Michiel Duyvendak, MPharm

Hospital Pharmacist, Department of Clinical Pharmacy, Tjongerschans Hospital, Heerenveen, Netherlands

Mark Naunton, BPharm (Hons) PhD

Visiting Research Fellow, Department of Clinical Pharmacy, Tjongerschans Hospital

Bert J Kingma, MD

Internist, Department of Internal Medicine, Tjongerschans Hospital

Jacobus RBJ Brouwers, PhD

Professor, Department of Pharmacotherapy and Pharmaceutical Care, State University of Groningen, Groningen, Netherlands

Reprints: Dr. Brouwers, Department of Pharmacotherapy and Pharmaceutical Care, State University of Groningen, Ant.Deusinglaan 1, 9713 AV Groningen, Netherlands, fax 31 50 363 2772, J.R.B.J. Brouwers{at}rug.nl

OBJECTIVE: To report thrombocytopenia in a patient prescribed thalidomide for multiple myeloma (MM).

CASE SUMMARY: A 70-year-old woman was diagnosed in 2003 with MM. At diagnosis, melphalan 0.25 mg/kg/day and prednisolone 2 mg/kg/day were started; however, the patient became refractory to therapy. Melphalan and prednisolone were discontinued, and monotherapy with dexamethasone 40 mg for 12 days per month was started. The patient's hematologic condition deteriorated again after about one year; dexamethasone was discontinued, and treatment with oral thalidomide 200 mg/day was initiated. About 2 weeks after thalidomide administration, the woman developed disabling adverse effects (flu-like symptoms, swollen fingers, rash and hematoma on her legs, shortness of breath, dry mouth, multiple petechiae). Laboratory testing showed neutropenia (neutrophils 0.4 x 109/L) and thrombocytopenia (platelets 58 x 109/L). Thalidomide was promptly discontinued; within 3 weeks, the laboratory values returned to pretreatment levels (1.3 x 109/L and 267 x 109/L, respectively) and her symptoms disappeared.

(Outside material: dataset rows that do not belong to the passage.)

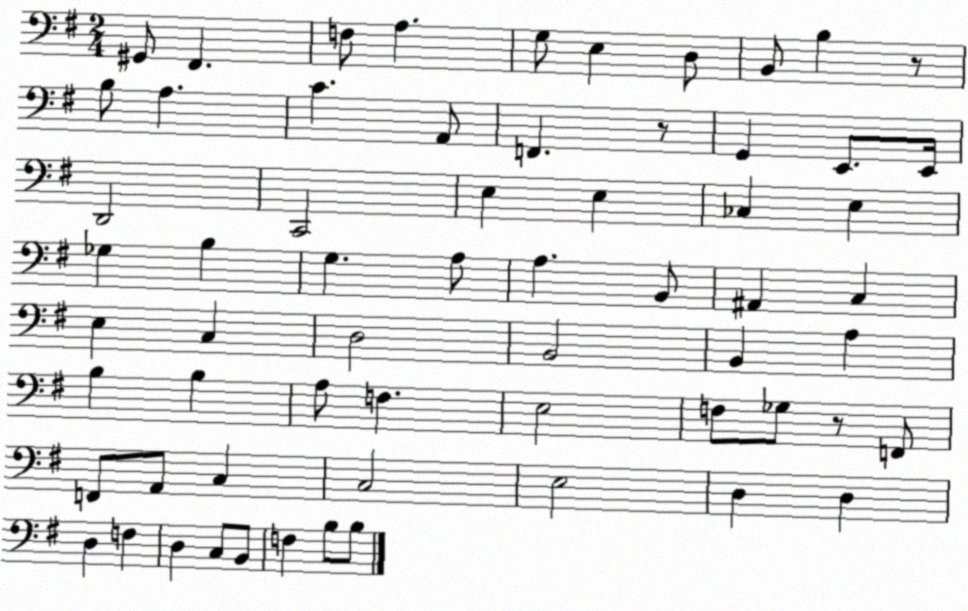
X:1
T:Untitled
M:2/4
L:1/4
K:G
^G,,/2 ^F,, F,/2 A, G,/2 E, D,/2 B,,/2 B, z/2 B,/2 A, C A,,/2 F,, z/2 G,, E,,/2 E,,/4 D,,2 C,,2 E, E, _C, E, _G, B, G, A,/2 A, B,,/2 ^A,, C, E, C, D,2 B,,2 B,, A, B, B, A,/2 F, E,2 F,/2 _G,/2 z/2 F,,/2 F,,/2 A,,/2 C, C,2 E,2 D, D, D, F, D, C,/2 B,,/2 F, B,/2 B,/2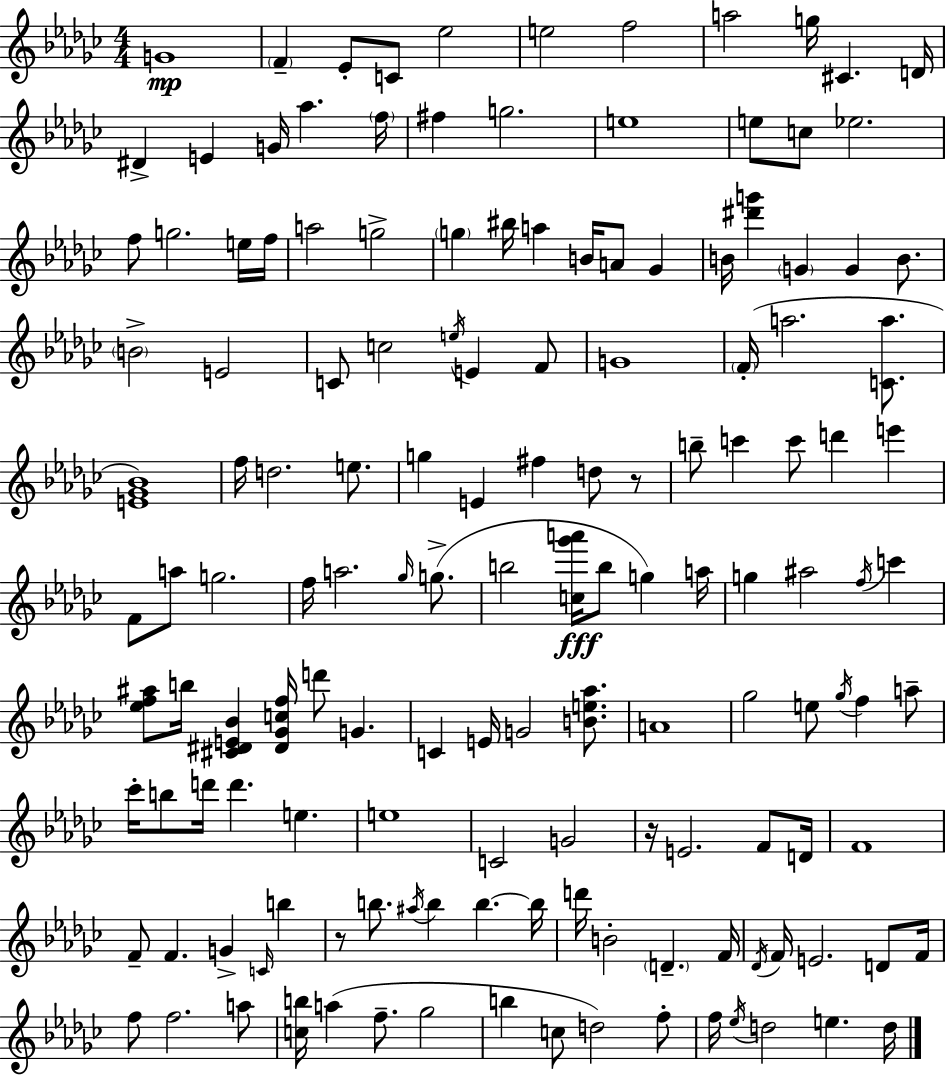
{
  \clef treble
  \numericTimeSignature
  \time 4/4
  \key ees \minor
  g'1\mp | \parenthesize f'4-- ees'8-. c'8 ees''2 | e''2 f''2 | a''2 g''16 cis'4. d'16 | \break dis'4-> e'4 g'16 aes''4. \parenthesize f''16 | fis''4 g''2. | e''1 | e''8 c''8 ees''2. | \break f''8 g''2. e''16 f''16 | a''2 g''2-> | \parenthesize g''4 bis''16 a''4 b'16 a'8 ges'4 | b'16 <dis''' g'''>4 \parenthesize g'4 g'4 b'8. | \break \parenthesize b'2-> e'2 | c'8 c''2 \acciaccatura { e''16 } e'4 f'8 | g'1 | \parenthesize f'16-.( a''2. <c' a''>8. | \break <e' ges' bes'>1) | f''16 d''2. e''8. | g''4 e'4 fis''4 d''8 r8 | b''8-- c'''4 c'''8 d'''4 e'''4 | \break f'8 a''8 g''2. | f''16 a''2. \grace { ges''16 }( g''8.-> | b''2 <c'' ges''' a'''>16\fff b''8 g''4) | a''16 g''4 ais''2 \acciaccatura { f''16 } c'''4 | \break <ees'' f'' ais''>8 b''16 <cis' dis' e' bes'>4 <dis' ges' c'' f''>16 d'''8 g'4. | c'4 e'16 g'2 | <b' e'' aes''>8. a'1 | ges''2 e''8 \acciaccatura { ges''16 } f''4 | \break a''8-- ces'''16-. b''8 d'''16 d'''4. e''4. | e''1 | c'2 g'2 | r16 e'2. | \break f'8 d'16 f'1 | f'8-- f'4. g'4-> | \grace { c'16 } b''4 r8 b''8. \acciaccatura { ais''16 } b''4 b''4.~~ | b''16 d'''16 b'2-. \parenthesize d'4.-- | \break f'16 \acciaccatura { des'16 } f'16 e'2. | d'8 f'16 f''8 f''2. | a''8 <c'' b''>16 a''4( f''8.-- ges''2 | b''4 c''8 d''2) | \break f''8-. f''16 \acciaccatura { ees''16 } d''2 | e''4. d''16 \bar "|."
}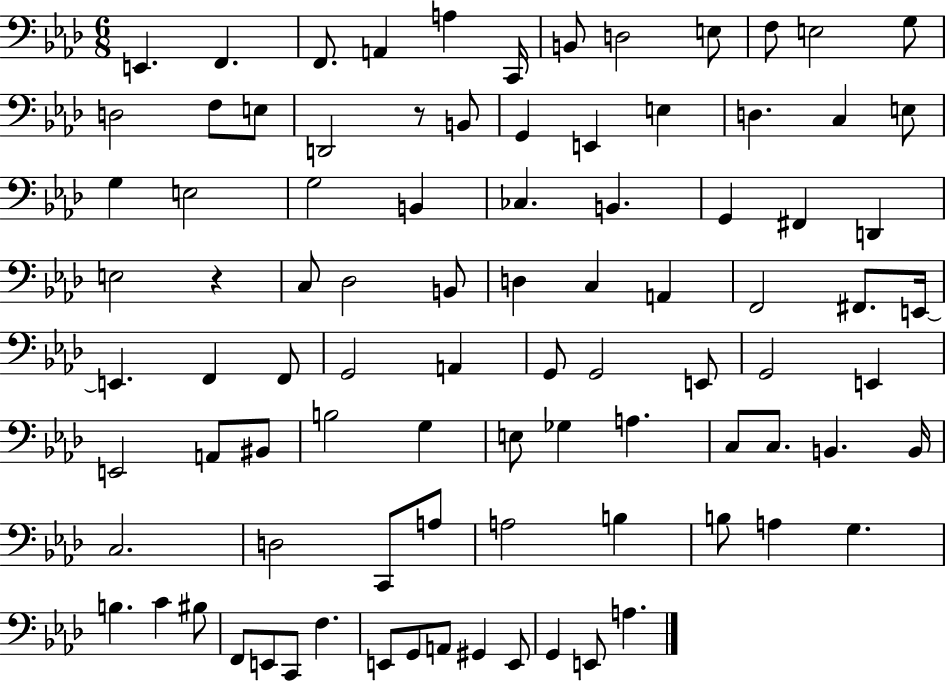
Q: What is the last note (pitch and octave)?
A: A3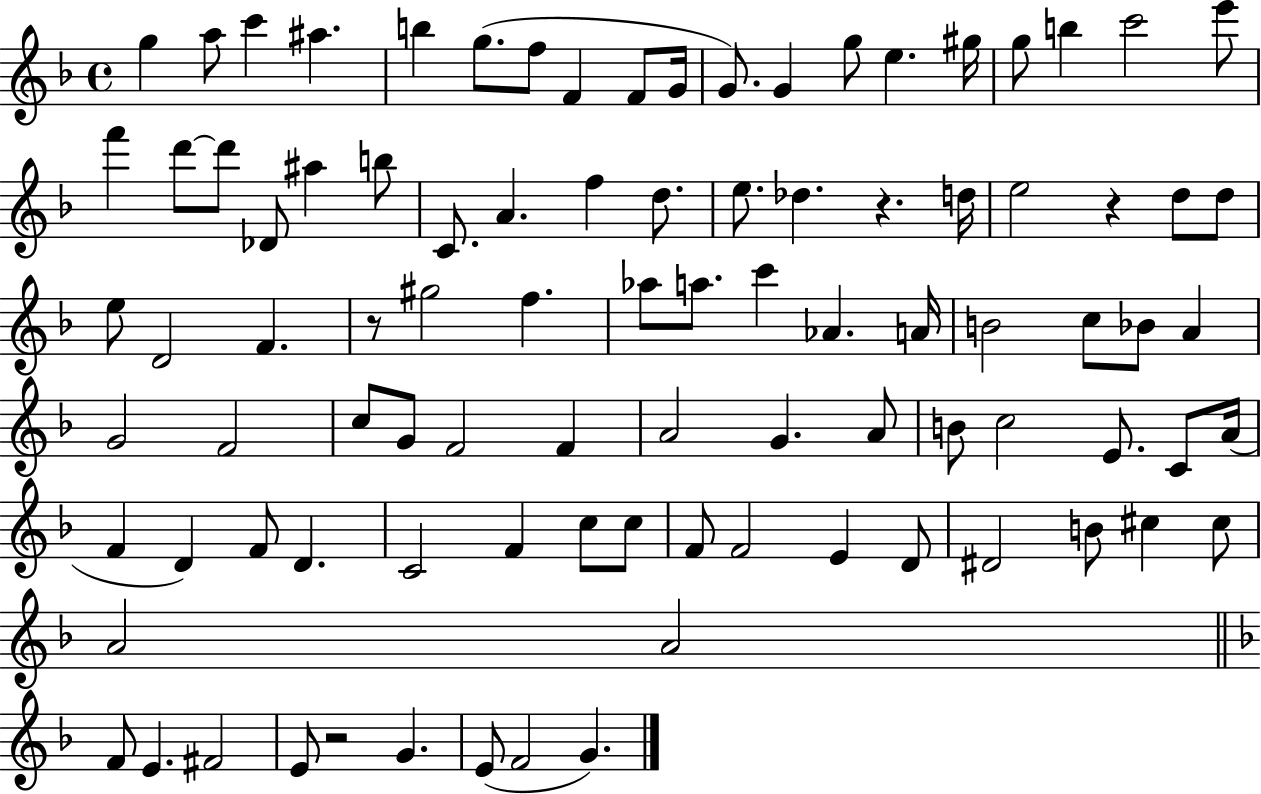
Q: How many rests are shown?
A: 4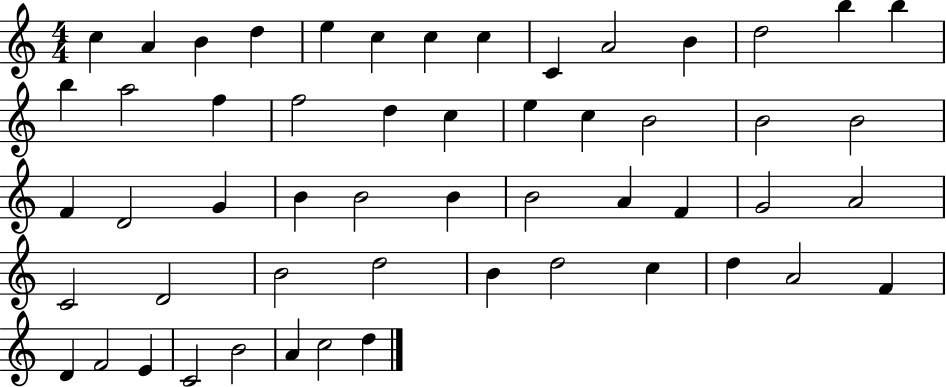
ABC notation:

X:1
T:Untitled
M:4/4
L:1/4
K:C
c A B d e c c c C A2 B d2 b b b a2 f f2 d c e c B2 B2 B2 F D2 G B B2 B B2 A F G2 A2 C2 D2 B2 d2 B d2 c d A2 F D F2 E C2 B2 A c2 d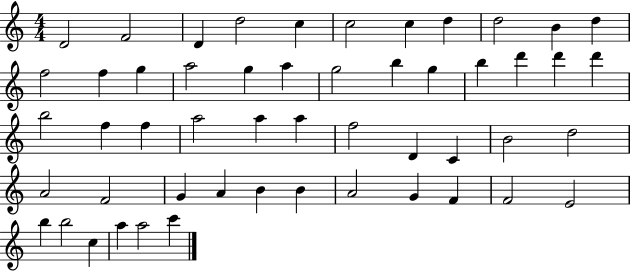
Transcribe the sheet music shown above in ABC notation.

X:1
T:Untitled
M:4/4
L:1/4
K:C
D2 F2 D d2 c c2 c d d2 B d f2 f g a2 g a g2 b g b d' d' d' b2 f f a2 a a f2 D C B2 d2 A2 F2 G A B B A2 G F F2 E2 b b2 c a a2 c'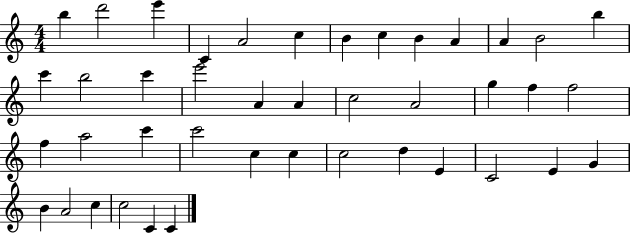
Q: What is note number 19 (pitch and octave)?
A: A4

DISCUSSION: Thrombocytopenia is a rarely reported hematologic adverse consequence of thalidomide therapy. A recent report identified 5 patients who developed thrombocytopenia while undergoing monotherapy with thalidomide for MM. According to the Naranjo probability scale, thalidomide was classified as the probable cause of thrombocytopenia in our patient.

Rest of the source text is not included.